YOUR TASK: From the entries below, output the line with "Papel de filtro" and each following line up to and including the line with "Used 2022 Honda Ridgeline RTL-E image 39", exactly as written.
*** Opening DATA FOR REVIEW ***
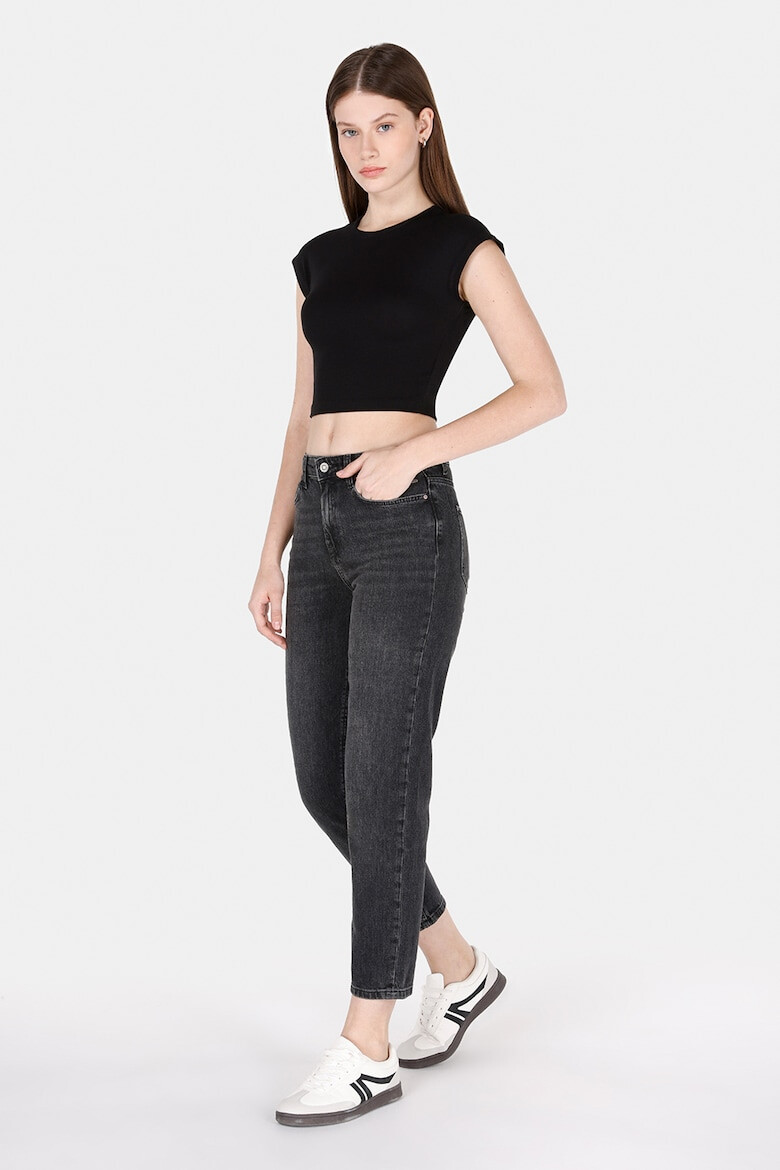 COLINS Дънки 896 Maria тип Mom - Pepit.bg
*** Closing DATA FOR REVIEW ***
*** Opening DATA FOR REVIEW ***
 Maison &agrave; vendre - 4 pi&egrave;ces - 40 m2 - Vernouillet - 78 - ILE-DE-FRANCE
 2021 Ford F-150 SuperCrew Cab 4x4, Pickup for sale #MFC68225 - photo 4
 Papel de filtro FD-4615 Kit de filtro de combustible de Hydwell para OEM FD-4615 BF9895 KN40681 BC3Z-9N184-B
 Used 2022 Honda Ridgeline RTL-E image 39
*** Closing DATA FOR REVIEW ***
REPLY TO THE EXERCISE:
 Papel de filtro FD-4615 Kit de filtro de combustible de Hydwell para OEM FD-4615 BF9895 KN40681 BC3Z-9N184-B
 Used 2022 Honda Ridgeline RTL-E image 39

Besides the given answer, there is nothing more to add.